Lockdown un anno dopo

covid19 È passato ormai un anno da quando, il 21 febbraio 2020, sono comparse le prime zone rosse Covid in Italia e l’intero Paese ha dovuto familiarizzare, suo malgrado, pochi giorni più tardi, con la parola “lockdown”.


Un periodo tremendo, oltre 45 giorni di blocco pressoché totale che hanno messo in crisi molte delle certezze acquisite, mostrando i punti deboli del Paese, soprattutto sul fronte sanitario, mandando in crisi, in particolare, il modello “sanità” della Regione Lombardia, considerato esempio di efficienza. Ora, a distanza di un anno – con 111 milioni di contagi e circa 2,5 milioni di decessi nel mondo e oltre 2,8 milioni di contagi e più di 95mila morti in Italia – se qualcosa questo triste periodo ci ha insegnato è che la Salute non deve essere intesa solo come un capitolo di spesa da ridurre, ma semmai un investimento da potenziare.

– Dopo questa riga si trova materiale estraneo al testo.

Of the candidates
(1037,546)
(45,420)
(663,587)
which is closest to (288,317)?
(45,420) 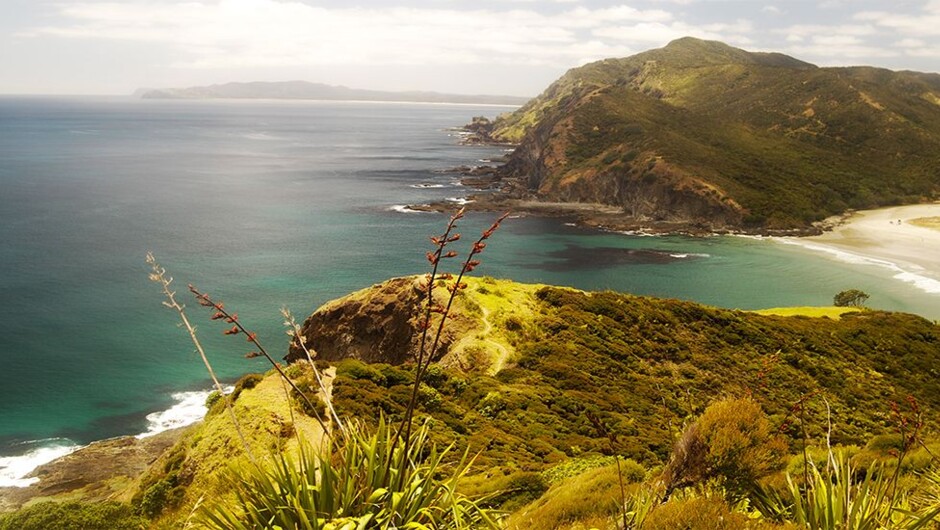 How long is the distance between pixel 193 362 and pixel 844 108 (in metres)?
171

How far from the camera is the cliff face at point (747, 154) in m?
109

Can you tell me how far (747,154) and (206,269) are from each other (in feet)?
364

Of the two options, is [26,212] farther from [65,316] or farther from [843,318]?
[843,318]

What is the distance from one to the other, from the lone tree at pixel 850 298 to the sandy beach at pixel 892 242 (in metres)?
13.1

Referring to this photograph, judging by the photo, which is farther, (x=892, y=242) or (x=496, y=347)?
(x=892, y=242)

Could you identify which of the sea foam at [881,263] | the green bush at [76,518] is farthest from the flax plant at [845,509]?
the sea foam at [881,263]

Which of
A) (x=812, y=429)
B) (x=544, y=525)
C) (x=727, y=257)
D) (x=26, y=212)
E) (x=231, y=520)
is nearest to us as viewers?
(x=231, y=520)

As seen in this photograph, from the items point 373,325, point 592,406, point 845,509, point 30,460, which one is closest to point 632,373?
point 592,406

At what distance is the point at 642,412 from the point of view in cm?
2666

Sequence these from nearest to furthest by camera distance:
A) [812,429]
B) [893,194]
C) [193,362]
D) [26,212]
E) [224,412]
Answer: [224,412] < [812,429] < [193,362] < [26,212] < [893,194]

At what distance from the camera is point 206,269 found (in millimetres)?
72062

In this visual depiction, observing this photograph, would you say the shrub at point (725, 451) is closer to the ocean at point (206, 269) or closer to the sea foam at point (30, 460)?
the sea foam at point (30, 460)

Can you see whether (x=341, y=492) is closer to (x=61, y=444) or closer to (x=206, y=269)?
(x=61, y=444)

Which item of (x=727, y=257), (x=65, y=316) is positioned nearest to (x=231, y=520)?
(x=65, y=316) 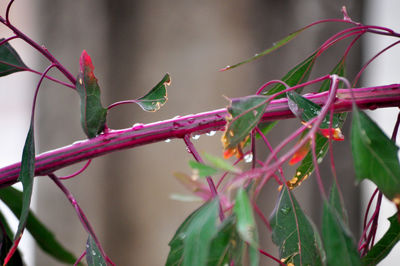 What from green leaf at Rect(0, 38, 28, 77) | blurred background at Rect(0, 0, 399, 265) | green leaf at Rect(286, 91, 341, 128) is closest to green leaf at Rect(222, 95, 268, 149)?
green leaf at Rect(286, 91, 341, 128)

Oltre ai comportamenti virtuosi cui siamo chiamati ad attenerci sotto il profilo della prevenzione del contagio, molte sono le aspettative per i vaccini, prodotti in tempi insolitamente rapidi con un coinvolgimento a livello mondiale, che dovrebbero riportarci ad una situazione più normale nel medio periodo. Quello che si chiede, in particolare al nuovo Governo, è dunque un piano vaccinale serio e le prime risposte – con l’accantonamento delle accoglienti ma costose “Primule” (400mila euro cadauna) a favore di strutture già esistenti ed utilizzabili su tutto il territorio nazionale – sembrano andare in questa direzione. Purtroppo gli inevitabili rallentamenti dovuti ai recenti (e forse anche un po’ ambigui) tagli sulle forniture da parte delle case farmaceutiche rischiano di pregiudicare in parte il lavoro organizzativo sin qui realizzato che già ha consentito di trovare sedi idonee e personale dedicato.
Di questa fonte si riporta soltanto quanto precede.